2016.04.02 執筆
2018.03.03 公開
守るべきもの
ママは、セラが産まれてからずっとかかりきり。それが、なんだか気に入らなかった。
今まではなんでも一番にしてくれた。ご飯を食べるのも、遊んでくれるのも、なんでもエクが一番。なのに、セラがやってきてから、なんでもセラが一番!
はじめは妹ができて嬉しかった。でも、エクが一番じゃなくなるにつれて、セラはとってもいじわるな可愛くない妹になった。
「ねえ、ママ」
「ちょっと待っててね。今、セラがねんねするから」
エクはおねえちゃんだもんね。我慢できるよね。ママはいつもそう言う。
違うもん。おねえちゃんなんかなりたかったわけじゃないもん。セラはある日突然やってきて、エクからママをとっちゃった。

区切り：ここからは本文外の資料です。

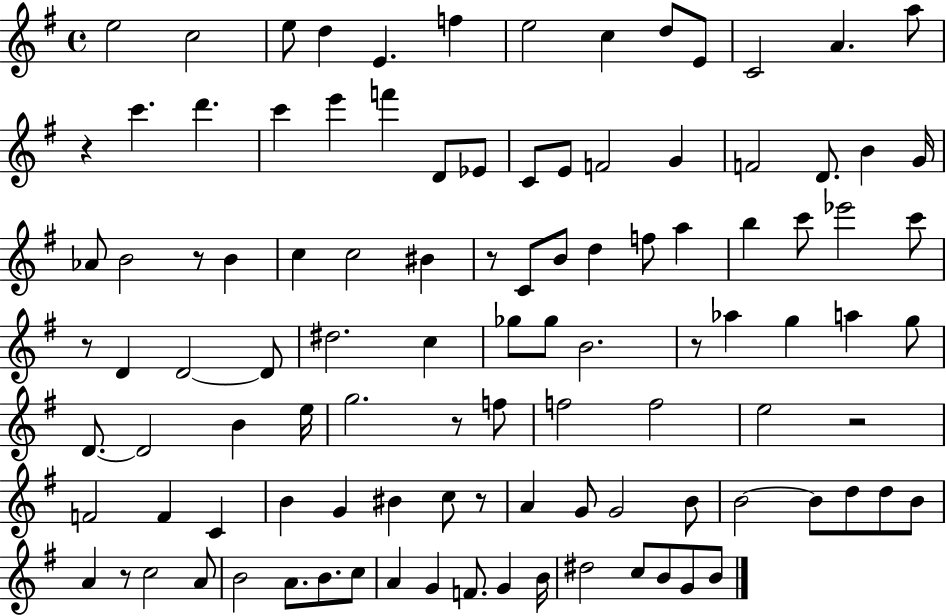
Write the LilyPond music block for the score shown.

{
  \clef treble
  \time 4/4
  \defaultTimeSignature
  \key g \major
  e''2 c''2 | e''8 d''4 e'4. f''4 | e''2 c''4 d''8 e'8 | c'2 a'4. a''8 | \break r4 c'''4. d'''4. | c'''4 e'''4 f'''4 d'8 ees'8 | c'8 e'8 f'2 g'4 | f'2 d'8. b'4 g'16 | \break aes'8 b'2 r8 b'4 | c''4 c''2 bis'4 | r8 c'8 b'8 d''4 f''8 a''4 | b''4 c'''8 ees'''2 c'''8 | \break r8 d'4 d'2~~ d'8 | dis''2. c''4 | ges''8 ges''8 b'2. | r8 aes''4 g''4 a''4 g''8 | \break d'8.~~ d'2 b'4 e''16 | g''2. r8 f''8 | f''2 f''2 | e''2 r2 | \break f'2 f'4 c'4 | b'4 g'4 bis'4 c''8 r8 | a'4 g'8 g'2 b'8 | b'2~~ b'8 d''8 d''8 b'8 | \break a'4 r8 c''2 a'8 | b'2 a'8. b'8. c''8 | a'4 g'4 f'8. g'4 b'16 | dis''2 c''8 b'8 g'8 b'8 | \break \bar "|."
} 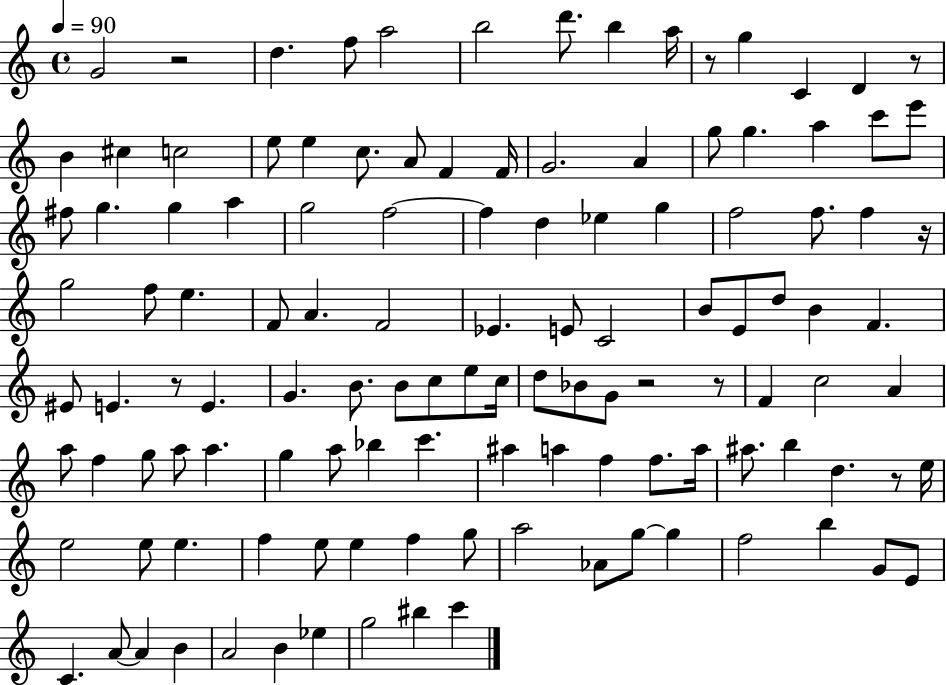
{
  \clef treble
  \time 4/4
  \defaultTimeSignature
  \key c \major
  \tempo 4 = 90
  \repeat volta 2 { g'2 r2 | d''4. f''8 a''2 | b''2 d'''8. b''4 a''16 | r8 g''4 c'4 d'4 r8 | \break b'4 cis''4 c''2 | e''8 e''4 c''8. a'8 f'4 f'16 | g'2. a'4 | g''8 g''4. a''4 c'''8 e'''8 | \break fis''8 g''4. g''4 a''4 | g''2 f''2~~ | f''4 d''4 ees''4 g''4 | f''2 f''8. f''4 r16 | \break g''2 f''8 e''4. | f'8 a'4. f'2 | ees'4. e'8 c'2 | b'8 e'8 d''8 b'4 f'4. | \break eis'8 e'4. r8 e'4. | g'4. b'8. b'8 c''8 e''8 c''16 | d''8 bes'8 g'8 r2 r8 | f'4 c''2 a'4 | \break a''8 f''4 g''8 a''8 a''4. | g''4 a''8 bes''4 c'''4. | ais''4 a''4 f''4 f''8. a''16 | ais''8. b''4 d''4. r8 e''16 | \break e''2 e''8 e''4. | f''4 e''8 e''4 f''4 g''8 | a''2 aes'8 g''8~~ g''4 | f''2 b''4 g'8 e'8 | \break c'4. a'8~~ a'4 b'4 | a'2 b'4 ees''4 | g''2 bis''4 c'''4 | } \bar "|."
}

エクが怒るとママがエクを叱る。セラが悪いのに。セラのせいなのに。
すやすやと眠っているセラを見下ろす。ちっちゃなセラ。エクのママをとっちゃったセラ。ぷっくりまるまるしていて、ふんづけたらつぶれちゃいそう。
指先でつついてみた。ぷにぷにしていた。エクの手のひらをセラが握り締める。よだれの垂れた唇が、ふにゃっと笑った。
「ママ、セラが笑った!」
「そうねえ。今頃エクの夢見てるのかもね」
「そうかなあ」
「きっとそうよ」
「そっかあ」
変ないきものだ。すぐ泣くし、すぐ笑う。エクからママをとっちゃうセラは大嫌いだけど、ねんねしているセラはかわいい。
ちっちゃな妹のことが、エクレールは大嫌いで、そして大好きだった。
――だから、こんなことになるだなんて思っていなかったのだ。
ママに一生のお願いして、ベビーカーを持たせてもらったその日。たまたまそこがじゃり道で、ママの声を聞かずに走ったエクレールは、石に足をとられてベビーカーごと地面に突っ込んだ。

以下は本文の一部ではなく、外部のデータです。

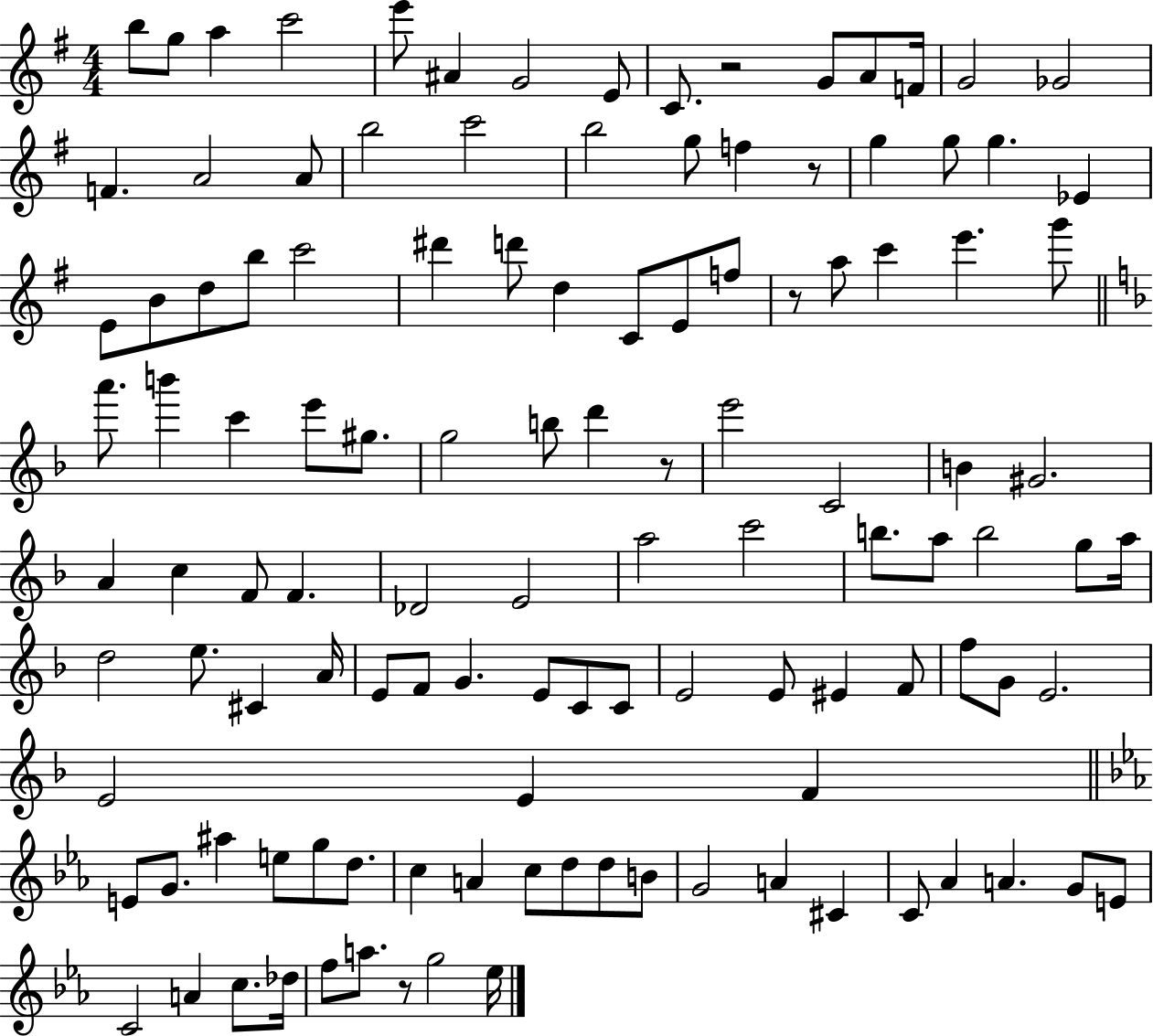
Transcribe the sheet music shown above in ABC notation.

ころんとセラの体がベビーカーから落っこちた。じゃりばかりの道に、ちっちゃなセラが頭から落ちる。ぎゃーっと火のついたような泣き声が上がった。呆気にとられてエクレールはセラを見た。セラの頭は真っ赤になっていた。
――真っ赤だった。
――そんなつもりなんかじゃなかった。
「セラ!」
ママが真っ青になってセラに駆け寄った。ぎゃあぎゃあとセラは怪獣みたいに泣いている。
「何をやっているの、エクレール!」
「……ち、ちがうもん」
溢れた声は震えていた。膝からは血が出ていた。
「セラ! セラ!」
「エクのせいじゃないもん! ちがうもん!」
「黙っていなさい!」
あんな怖いママの顔を見たのは初めてだった。悲しくなってセラを見た。セラはぎゃあぎゃあ泣いている。真っ赤なセラはもっともっと怖かった。
「うわああああああああん!」
いつの間にか、エクレールは声を上げて泣いていた。ママがセラの額に布を巻いたりしているのを、エクレールはただただ、泣いて見ていることしかできなかった。
* * *
セラは頭を少しだけ縫った。額の傷は一生残るだろうと言われた。前髪で隠れる程度の小さな跡だ。切ったのが額だったから、たくさん血が出たんだろうとお医者さんは言った。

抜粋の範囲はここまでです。